Most conservatives who subscribe to the notion that people who depend on government subsidies cannot be persuaded to vote for smaller government, or that people who pay little or no direct tax don’t have “skin in the game” when it comes to balanced budgets or a lighter tax burden, don’t hate the voters they cannot reach.
They are mournful that so many people have been made dependent on government, and they tend to believe those people have been tricked by the Left, because we are rapidly approaching the point where cradle-to-grave welfare systems are unsustainable.
Most critics of the welfare establishment think people would rather work than be on the dole, and rail against perverse incentives that make it financially unwise to take a job. Rhetorically, most on the Left agree with the notion that welfare dependents are eager to work… but in practice, they’re deeply wedded to the idea that only upper-class Americans can thrive and prosper without massive government assistance.
Hillary Clinton said as much, right after she dumped her “basket of undesirables” stinker, in comments that haven’t gotten much attention:
But the other basket, the other basket, and I know because I see friends from all over America here. I see friends from Florida and Georgia and South Carolina and Texas, as well as you know New York and California.

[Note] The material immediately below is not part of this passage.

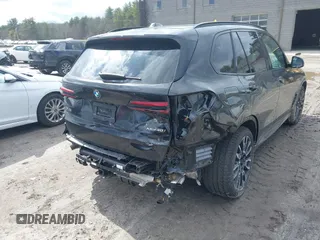 2025 BMW X5 xDrive40i with VIN 5UX23EU03S9Z21861, listed as a IAAI auction lot 41852928 with 992 mi miles and . Bid and sale history available at DreamBid. Image 4.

But that other basket of people who are people who feel that government has let them down, nobody cares about them, nobody worries about what happens to their lives and their futures, and they are just desperate for change.
It doesn’t really even matter where it comes from. They don’t buy everything he says but he seems to hold out some hope that their lives will be different. They won’t wake up and see their jobs disappear, lose a kid to heroin, feel like they’re in a dead-end. Those are people we have to understand and empathize with as well.
She was acknowledging that Donald Trump tapped into a sense of disappointment and alienation among a significant portion of voters… and she thinks what they’re disappointed about is that government isn’t big enough. The welfare state vending machine is politically jammed, and it’s not dispensing enough goodies to them.
And, for the record, she’s dead wrong about those folks feeling neglected. No, they feel like they’re under attack by people like Hillary Clinton, armed with the compulsive power of the almighty central government. They’re very much aware of those big Clinton Foundation donors and Obama cronies making out like bandits while the rest of the economy limps through low-growth doldrums.
They know Clinton and her fellow travelers view them as irredeemable, deplorable enemies to be subdued. On a good day, the Left tells itself the deplorables must be defeated and controlled for their own good, frog-marching them into a better society, but such good days come with decreasing frequency. The more powerful the State becomes, the more its acolytes need to think of the designated losers in their centrally-planned schemes as wretched creatures who deserve what’s coming to them.